Kellie Woodford and Lynette Keir have been learning chainsaw skills under the watchful eye of 'the chainsaw whisperer' Rod Miller.
Kellie Woodford and Lynette Keir have been learning chainsaw skills under the watchful eye of 'the chainsaw whisperer' Rod Miller. Emma Murray

'The chainsaw whisperer' creating a buzz

WOMEN in Mackay are beginning to forge a reputation as powerhouses of the manual labour industry, courtesy of a tireless work ethic and their passionate mentor.

Affectionately known as the Chainsaw Whisperer, Rod Millar has conducted chainsaw training programs for 12 years, and is calling on more local women to follow in the footsteps of his most recent prodigies.

For the first time in what has been a colourful career, Mr Millar instructed a class dominated by a female presence, and on Thursday he praised the efforts of the women who participated at a demonstration at the botanical gardens.

"They were just amazing," Mr Millar said.

"Their work capability was as good as anyone I have ever trained and it really should be noted."

Christened the Chainsaw Whisperer by the Inspector of Police, the calibre and diversity of trainees under Mr Millar's watch is a testament to his expert instruction.

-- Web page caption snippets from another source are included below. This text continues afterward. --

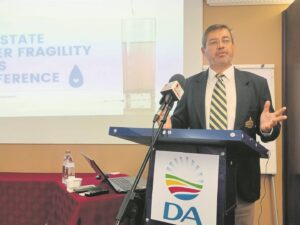 Water shortage report compiled
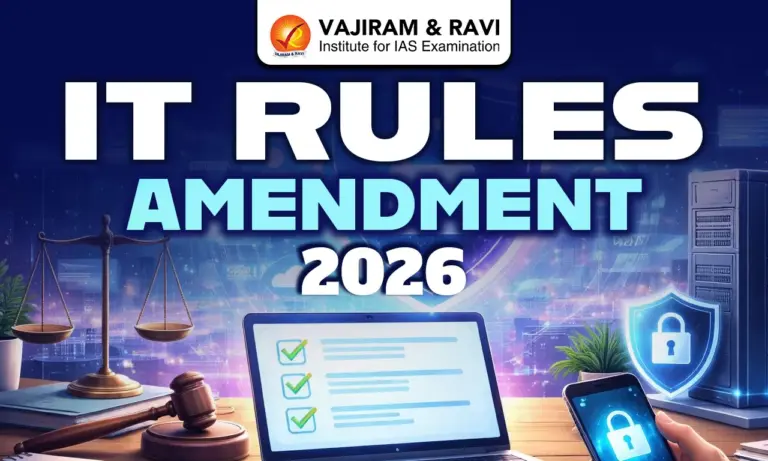 IT Rules Amendment 2026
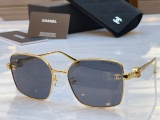 Chanel Fashion Square Frame Sunglasses Versatile Glasses Size: 59-18-145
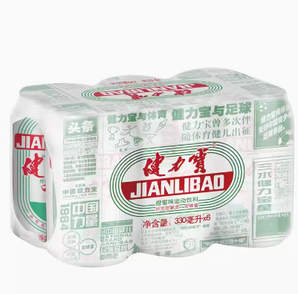 JIANLIBAO 健力寶 運動碳酸飲料 330ml*6罐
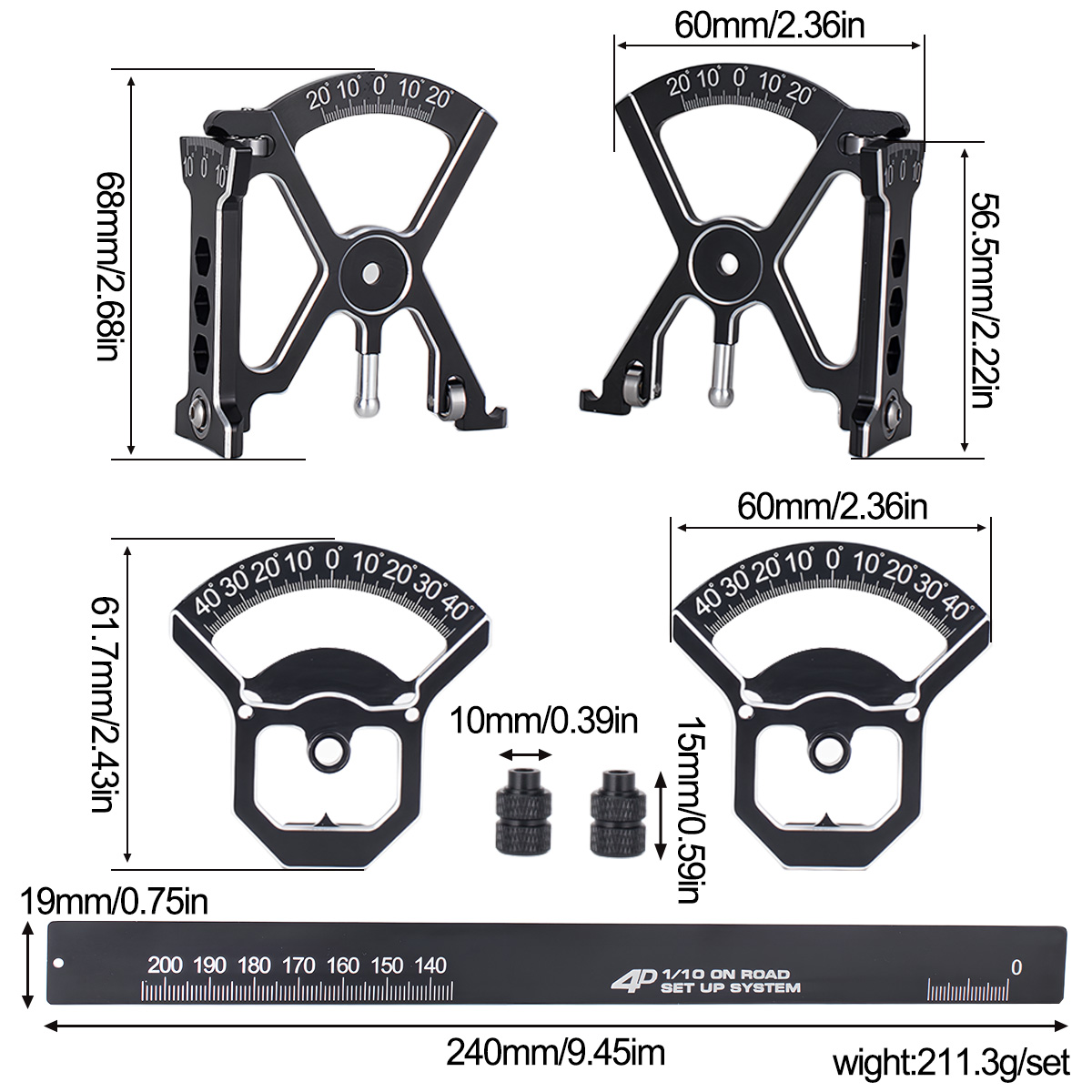 1/10 Alat Pengaturan Sasis Sis - Car Accessories Online ulasan dan harga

Travelling all over Queensland to engage his methods with city, regional and rural aspirants, Mr Millar has witnessed some incredible moments of resilience, paying tribute to the strength of character exhibited by those under his tutelage.

From Toru Iwatani, the inventor of Pac-Man, to victims of Cyclone Yasi, Mr Millar has been party to many determined feats.

"I trained a lady who was 62, and she was a widow after (Cyclone) Yasi," Mr Millar recalls.

Among his newest cohort were Kellie Woodford and Lynette Keir.

The pair required the qualification in their roles as horticulturists for Mackay Regional Council, and are bucking the trend of what has previously been a predominantly male workforce.

Ms Keir said that gender was no restriction to ability using the chain saw.

"The machine does all the work for you, so gender isn't really an issue, it's just confidence and making sure you do your safety first." she said.

"It's not a man's world in that sense.

"It's changing, and great trainers like we had... give you that confidence.

"Knowledge is key and knowledge is power. When you're confident that you know what you're doing you are capable for the task at hand."

However, the implications of the training extend beyond the workforce.


With the region's cyclone season fast approaching, Ms Keir said that strong capabilities with this equipment would prove vital should disaster relief work be required.

With the region's cyclone season fast approaching, disaster relief workers with these qualifications will prove invaluable across the entire community.

Mr Millar praised the local council's disaster preparation work, believing it to be the leading body in these tumultuous situations.

"The Mackay Regional Council staff are very sincere and conscientious about their jobs, with an outstanding work ethic," he said.

"The camaraderie you see with these people is seldom seen in any other work area."